(Records provided)
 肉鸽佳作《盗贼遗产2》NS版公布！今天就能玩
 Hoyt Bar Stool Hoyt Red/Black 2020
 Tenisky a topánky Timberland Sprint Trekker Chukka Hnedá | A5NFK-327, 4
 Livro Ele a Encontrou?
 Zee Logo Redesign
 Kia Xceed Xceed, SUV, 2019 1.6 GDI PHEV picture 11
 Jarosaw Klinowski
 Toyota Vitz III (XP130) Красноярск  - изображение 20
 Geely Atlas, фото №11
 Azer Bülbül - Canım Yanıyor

--

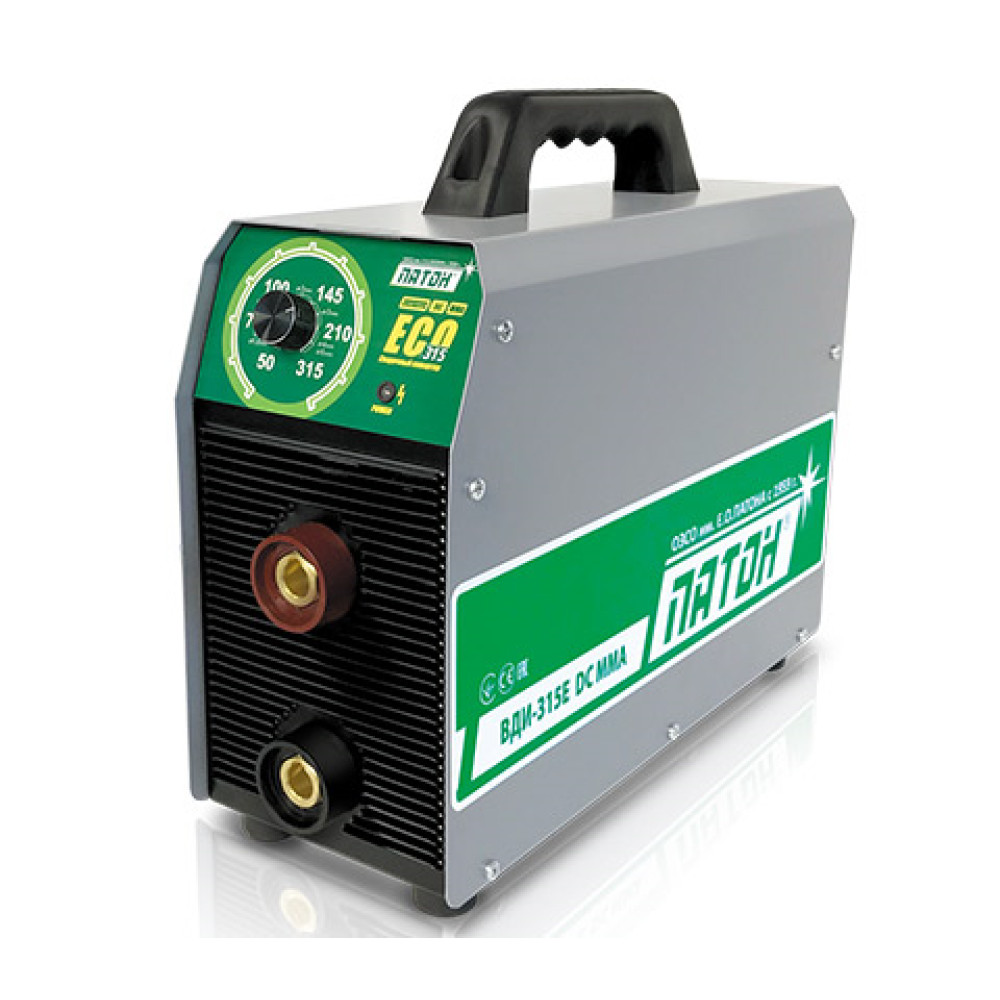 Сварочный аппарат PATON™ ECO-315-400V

(Assignment) Please copy, exactly as written, every line in the listing above from the line with "肉鸽佳作《盗贼遗产2》NS版公布！今天就能玩" up to and including the line with "Azer Bülbül - Canım Yanıyor".

(Result below)
 肉鸽佳作《盗贼遗产2》NS版公布！今天就能玩
 Hoyt Bar Stool Hoyt Red/Black 2020
 Tenisky a topánky Timberland Sprint Trekker Chukka Hnedá | A5NFK-327, 4
 Livro Ele a Encontrou?
 Zee Logo Redesign
 Kia Xceed Xceed, SUV, 2019 1.6 GDI PHEV picture 11
 Jarosaw Klinowski
 Toyota Vitz III (XP130) Красноярск  - изображение 20
 Geely Atlas, фото №11
 Azer Bülbül - Canım Yanıyor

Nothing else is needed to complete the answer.